Disneyland Hotel Review: What it’s like staying at the iconic resort in 2024

As long as I can remember I’ve wanted to stay at the Disneyland Hotel. I was lucky enough to frequent the park as a kid, but never got to stay in the iconic hotel that expanded on the experience of visiting on the park. That was until earlier this year. So what is it like staying at the hotel steeped in some 70 years of history in 2024? Read on to find out…

Though initially an outsourced enterprise, the Disneyland Hotel set the precedent for the “theme park hotel” when it opened in 1955, three months after Disneyland itself opened its gates. Only 6 rooms were ready on its soft opening date, but by 1960 more than 300 rooms were operating on the property, and it became a destination of its own for families, fans and celebrities alike.

In 1961, Disney’s transit prototype “The Monorail” would be expanded to become a practical transport method at the park, taking passengers between Tomorrowland and the hotel. In fact what is now the “Downtown Disney” station, used to be where guests for the hotel would alight. Though the hotel is now a short walk away.

But this isn’t a dated attraction from the 1950’s – in the eternal words of Tenacious D, The Disneyland Hotel of today is just a tribute. Nothing from 1955 still stands today. What started as a two story motel is now some 900 rooms across four towers surrounding a pool (which is undergoing renovations until April 30th, and has some fantastic water slides…) and outdoor entertainment area.

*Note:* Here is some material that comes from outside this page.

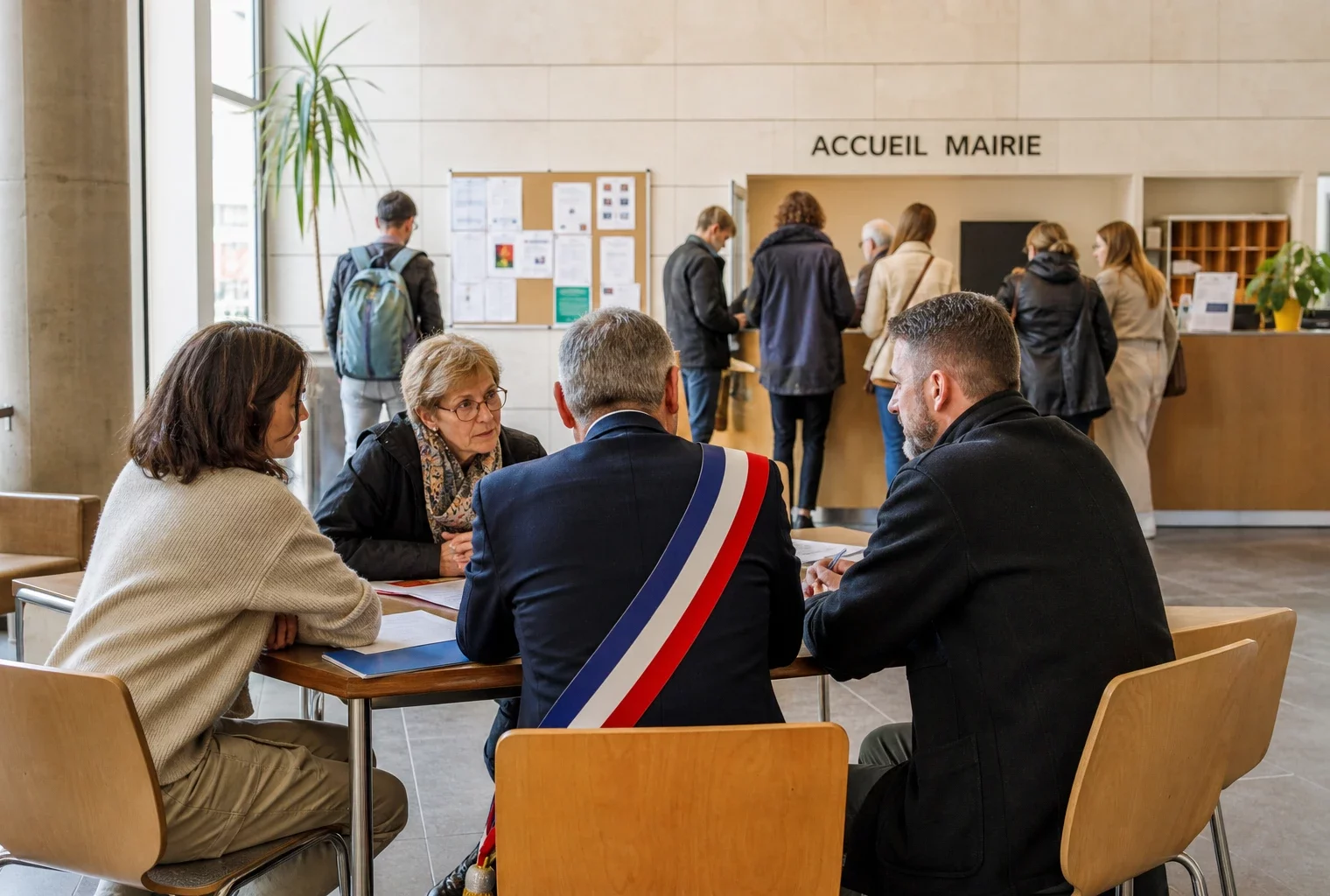 Dans une mairie française, des habitants échangent avec un élu local lors d’une réunion publique sur l’aide à Gaza.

This includes Trader Sam’s Tiki Bar, an immersive Tiki Bar experience (with actual cocktails!) which is worth the walk to the hotel alone. Just be sure to get your name down early to get a seat inside – hotel guests get no special treatment here!

You’re greeted at the front entry of the hotel by a massive blue carpet adorned by the classic Disneyland Hotel logo, which you can see pictured at the top of this article. You’ll enter the resort to find a massive check-in area, where we had no wait, and a friendly and quick check-in process. Unlike at the Hotels in Walt Disney World (Orlando), the park check-in wasn’t able to happen at the same time, and had to be done closer to the park entry. This meant we couldn’t immediately use the Monorail, which was honestly the only snag in the whole experience.

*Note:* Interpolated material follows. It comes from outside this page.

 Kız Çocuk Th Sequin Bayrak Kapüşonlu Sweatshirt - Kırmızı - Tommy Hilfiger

Unlike other hotels around the world that sit next to a Disney Park, the theme of the park is Disneyland itself. Three towers are named after the park’s original lands: Adventure, Fantasy and Frontier.

I stayed in the Frontier Tower, which was once called the Bonita Tower, then the Wonder Tower, before setting on the Frontierland inspired theming.

It opened as the Frontier Tower in 2011, the second of three towers that underwent renovations and renaming at the time. A fourth tower opened last year, “The Villas at Disneyland Hotel”, with 344 guest rooms across 12 floors and various themed experiences. They called this one the Discovery Tower, seemingly paying homage to Disneyland Paris’s version of Tomorrowland, Discoveryland. Though this doesn’t reflect its theme.

In the Frontier Tower, where we stayed, you’ll find a scale model of the Big Thunder Mountain Railroad in its lobby, the signature attraction of Frontierland.

The floors in the hallways are adorned with It’s A Small World artwork, while the two Queen beds in our room sat against a wood carving of the park’s iconic castle. A black and white photo of Walt walking out of the castle, meanwhile, sits alongside the bed. Both inclusions felt like they could have easily featured in the rooms of the original motel, and heralds a certain nostalgic feel to the whole accommodation experience.

The bed is immensely comfortable, and the hotel has everything you might need, but this isn’t a hotel where you’re going to get hung up on the particulars. It’s about immersing yourself in all the intricacies of the hotel, and the endless supply of “Hidden Mickey’s” that pervade every corner.

The handle in the shower? Mickey ears. The lighting fixtures? Mickey ears in all shapes and design styles.

And then there’s my personal favourite – Mickey hands holding the lights on the bathroom mirror.

Even the coffee cups are covered in ears. And the bedroom floor is covered in his ears, and fireworks.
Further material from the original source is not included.